Connecting Chrony & GPSD

• Traditionally, an NTP SHM driver is used, GPSD and the NTP server communicate over a section of shared memory. Chrony also has support for socket driven communications. These are more secure than Shared Memory (SHM) drivers.

• Best practice is to use socket (SOCK) based clocks rather than shared memory (SHM) clocks.

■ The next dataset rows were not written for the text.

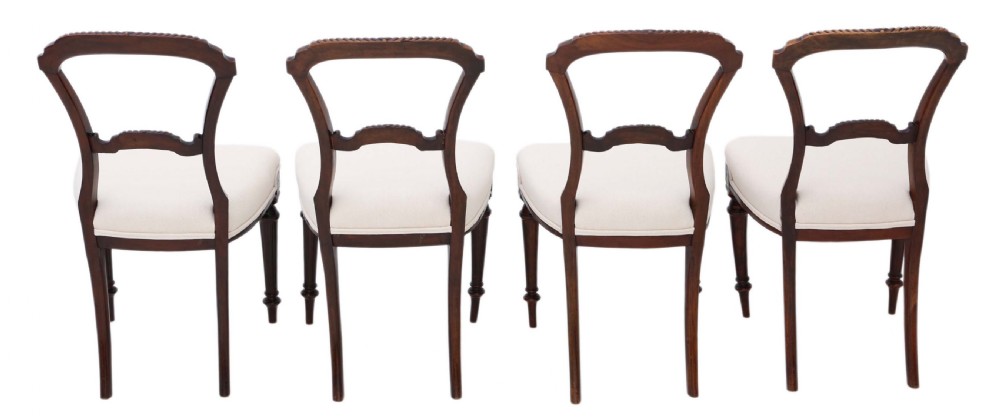 Set of 4 Victorian walnut balloon back dining chairs View II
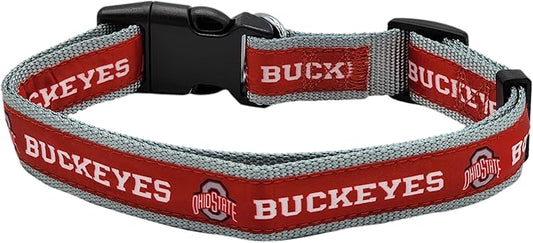 Pets First Collegiate PET Collar NEW Version Ohio State Buckeyes Dog Collar, Size Large. Best Sports Team Color for Dogs & Cats. A Shiny & Colorful Dog & Cat Collar Licensed by The NCAA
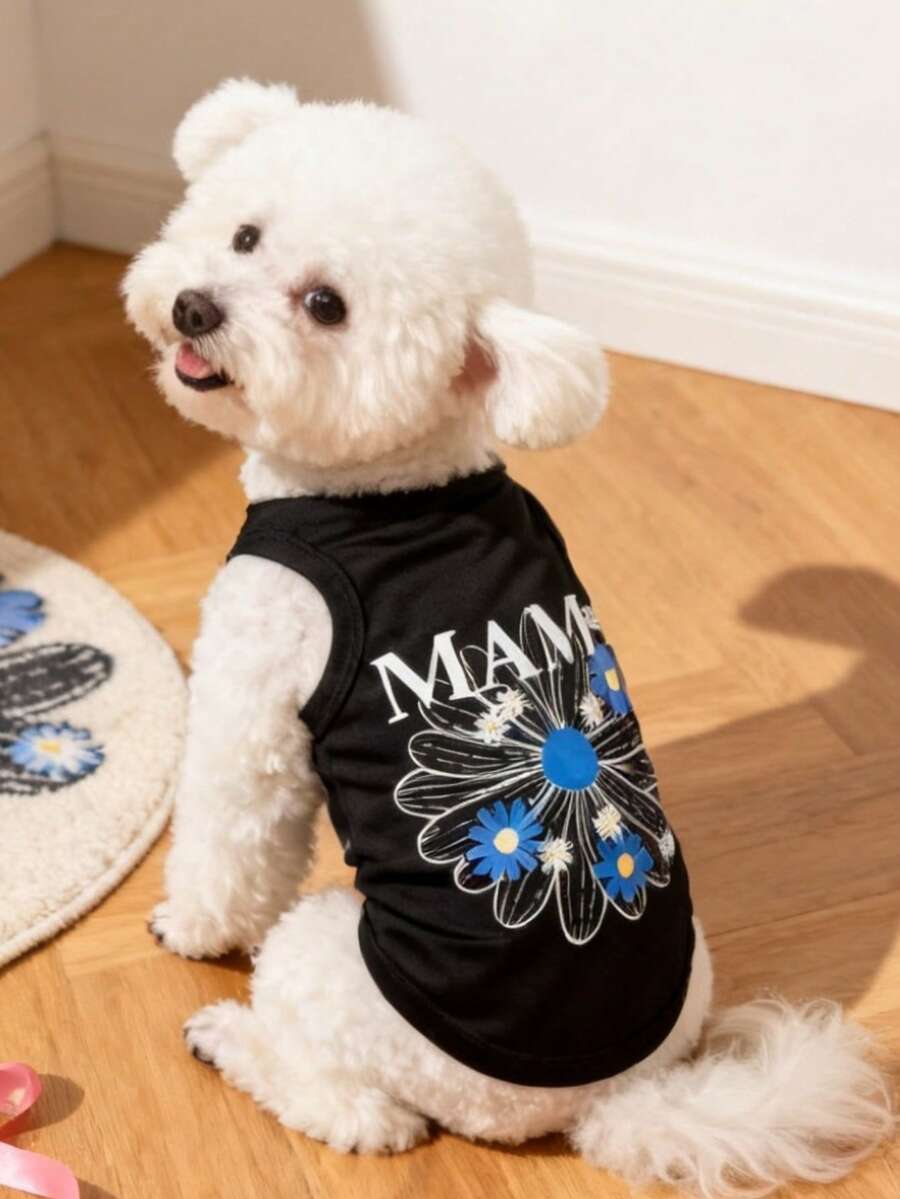 1pc Summer Floral Daisy Pattern "Mama" Letter Pet Vest, Physical Flea Repellent, Reduce Shedding, Heat Insulation & Breathable, Suitable For Small & Medium Dogs & Cats, Indoor & Outdoor Use - Black - View 1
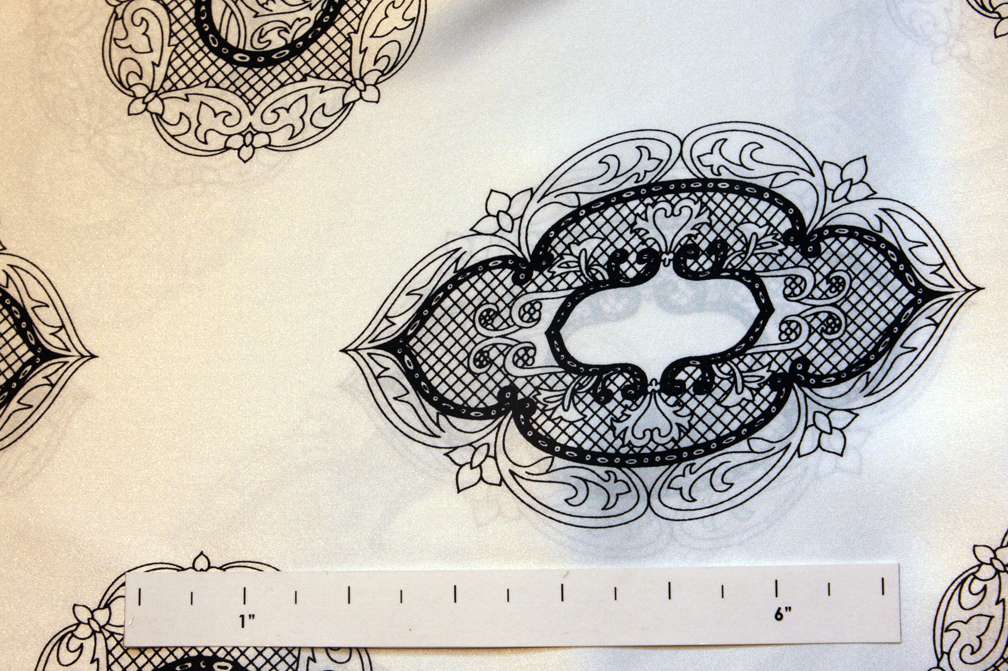 Printed Silk Charmeuse Paisley in White Background
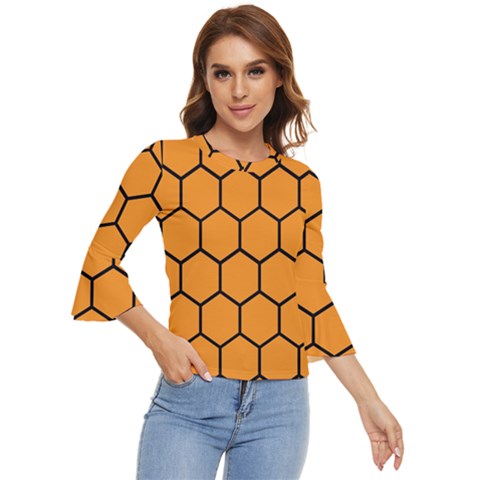 Honeycomb Bell Sleeve Top by nateshop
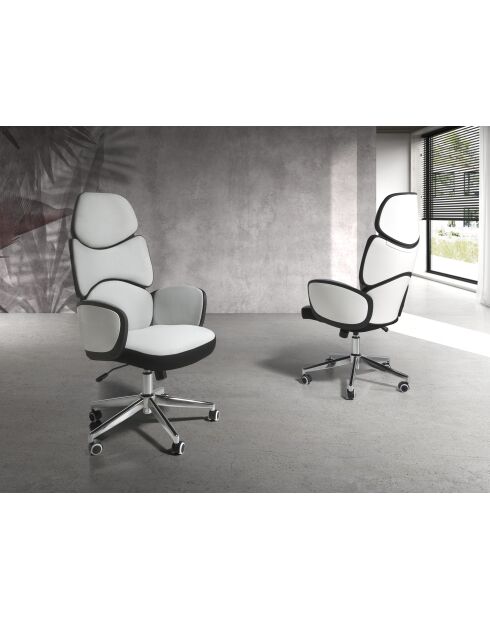 Fauteuil de bureau pivotant  gris/blanc/acier - 16x64x69 cm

This requires that Chrony start first, then GPSD

Configure Chrony

Add the following to chrony.conf above ntp pools

refclock SOCK
              /run/chrony.ttyAMA0.sock refid NMEA precision 1e-3
              refclock SOCK /run/chrony.pps0.sock refid PPS precision 1e-7
            

Replace the existing makestep with the following to allow Chrony to step the clock aggressively

makestep 0.1 3
            

Configure Chrony

To allow Chrony to act as a server to your LAN (e.x. 192.168.1.0/24)

allow 192.168.1.0/24
            

To allow Chrony to act as a server for anyone

allow
            

It is a bad idea to expose your NTP Server to the Internet

Configure Chrony

To tune your clock error and offset, you can enable statistics.

log tracking measurements
              statistics
            

• This will track measurements into /var/log/chrony/

• This is a fixed width table you can load into Excel to average out your error and offset to improve accuracy of the clock.

Start Chrony

First we need to stop GPSD

hayden@myoken:~ $ sudo
              systemctl stop gpsd
            

Then we need to enable and start chrony

hayden@myoken:~ $ sudo
              systemctl enable --now chrony
            

Then start GPSD again

hayden@myoken:~ $ sudo
              systemctl start gpsd
            

Check Synchronization

Use the chronyc command to query Chrony daemon

hayden@myoken:~ $ chronyc
              sources
              MS Name/IP address Stratum Poll Reach LastRx Last sample
              ===============================================================================
              #- NMEA 0 4 377 20 -200ns[ -302ns] +/- 1000us
              #* PPS 0 4 377 20 -200ns[ -302ns] +/- 144ns
            

We can see that our PPS is the preferred clock, and is coming within several hundred nanoseconds of our Ref Clock

Check Synchronization

hayden@myoken:~ $ chronyc
              tracking
              Reference ID : 50505300 (PPS)
              Stratum : 1
              Ref time (UTC) : Thu Sep 05 04:23:57 2024
              System time : 0.000000267 seconds fast of NTP time
              Last offset : +0.000000229 seconds
              RMS offset : 0.000003989 seconds
              Frequency : 6.911 ppm fast
              Residual freq : +0.000 ppm
              Skew : 0.008 ppm
              Root delay : 0.000000001 seconds
              Root dispersion : 0.000009981 seconds
              Update interval : 16.0 seconds
              Leap status : Normal
            

Additional Tuning

Set serial as low latency during startup, can be done with cron or systemd

hayden@myoken:~ $ sudo
              setserial /dev/ttyAMA0 low_latency
            

Set the CPU Governor to Performance
Edit /etc/default/cpu_governor

 CPU_DEFAULT_GOVERNOR="performance"
            

Additional Tuning

• Use the statistics generated over a period of days to get your average offset on the NMEA clock to further tune the clock

• Use the u-Blox u-center application to set stationary / time mode. Update referesh rate.